Ein Mitglied der Familie Vorwerk unterstützte die Hobbybastler finanziell und spendete sogar Geld für die erste (noch quarzlose) Fernsteuerung. Die Schiffe durften dann auf dem Teich im Vorwerk-Park getestet werden.














Ein Meister der Fa. Vorwerk war Teilnehmer der Bastelstunden und auch Segelflug-Pilot in Langerfeld, weshalb sich das allgemeine Interesse über einen Abstecher zum Fesselflug mit einer Verbrenner-Focke-Wulf immer mehr auf den Freiflug ausrichtete. Freiflugsegler wurden zuerst auf dem Langerfelder Gelände geflogen, auf dem sich jetzt ein Gewerbegebiet befindet. Alle Segler wurden mangels Winde per Seilstart mit Umlenkrolle in die Luft befördert.















1958:
Gründung des FMC Lichtenplatz e.V. durch 8 Hobby-Freiflieger, um an landesweiten Wettbewerben teilnehmen zu können. Pfingsten 1958 nahm man an einem Wettbewerb in der Rhön teil, ohne schon eingetragener Verein zu sein oder sich überhaupt mit Hangflug auszukennen.

05.02.1959:
Eintrag ins Vereinsregister unter der Nummer VR1045.

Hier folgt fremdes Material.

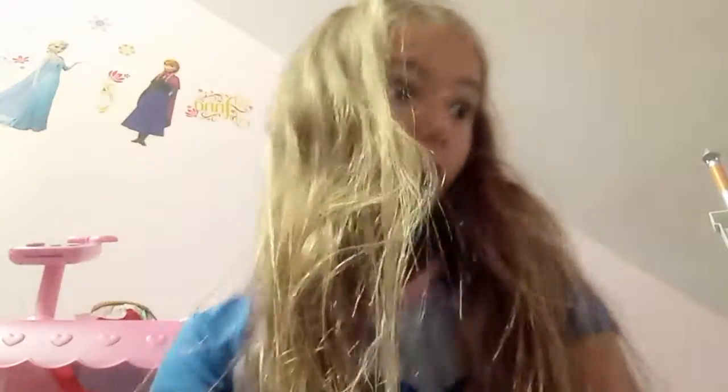Whoa guys, look — it's all filled! That's amazing. And I'm gonna show you how to build this, so first you're going to take this...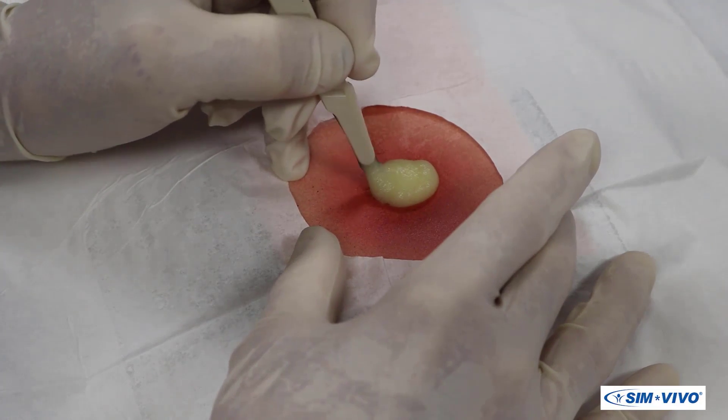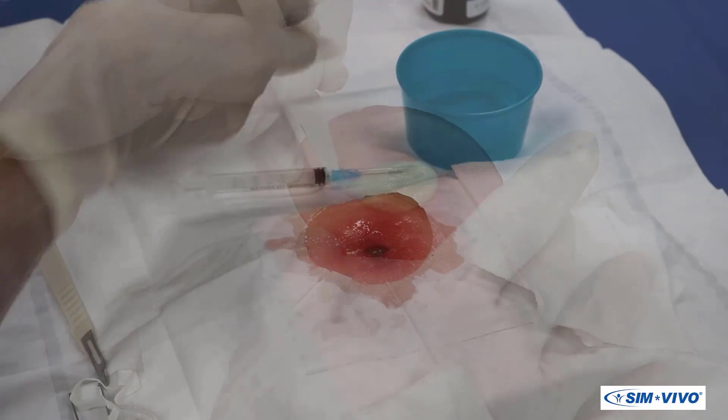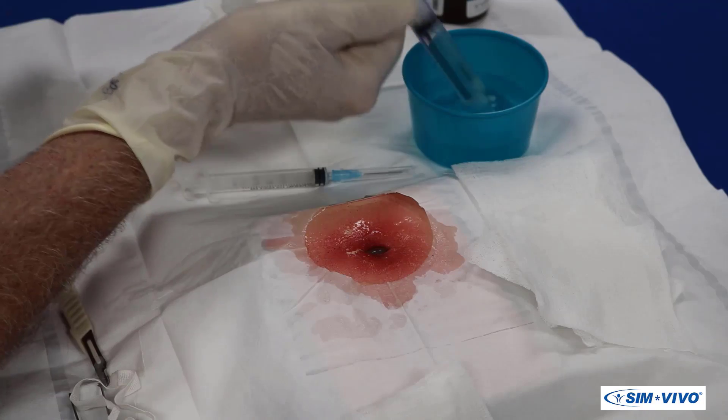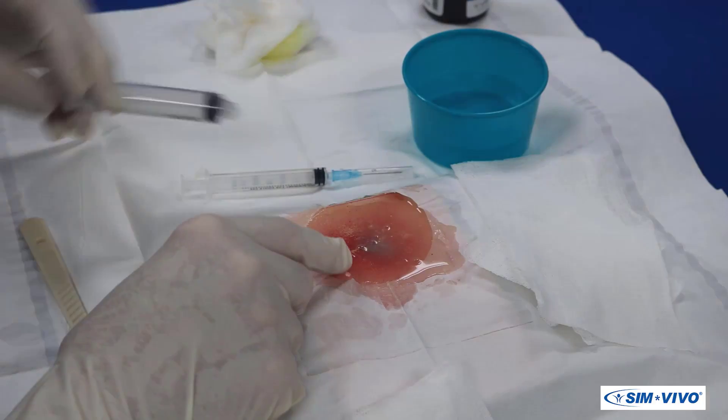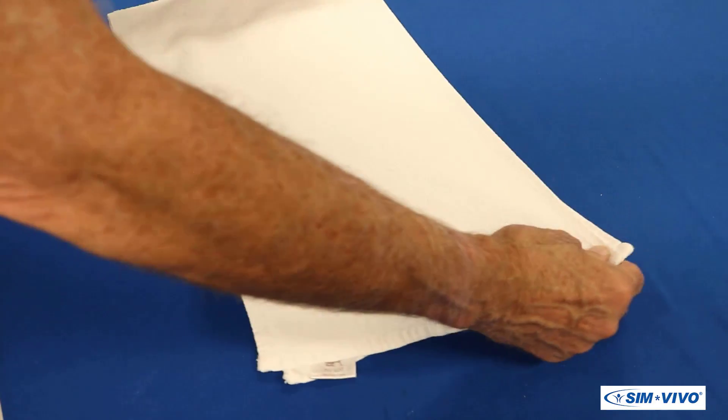Let's get started draining an abscess. Since the complete evacuation of the purulent material from the incised abscess may require copious irrigation, we recommend placing a towel on the table you will be using.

Zwischenzeitlich wurde auf Scharpenacken sogar mit einem Schmitt-Argus-Rohr, besser bekannt als Pulso, experimentiert, welches in der Werkstatt der Fa. Vorwerk (als Einspritzdüse getarnt) gefertigt wurde. Die Versuche waren aber ohne die notwendige Sauerstoff-Flasche als Anlasser nicht von Erfolg gekrönt.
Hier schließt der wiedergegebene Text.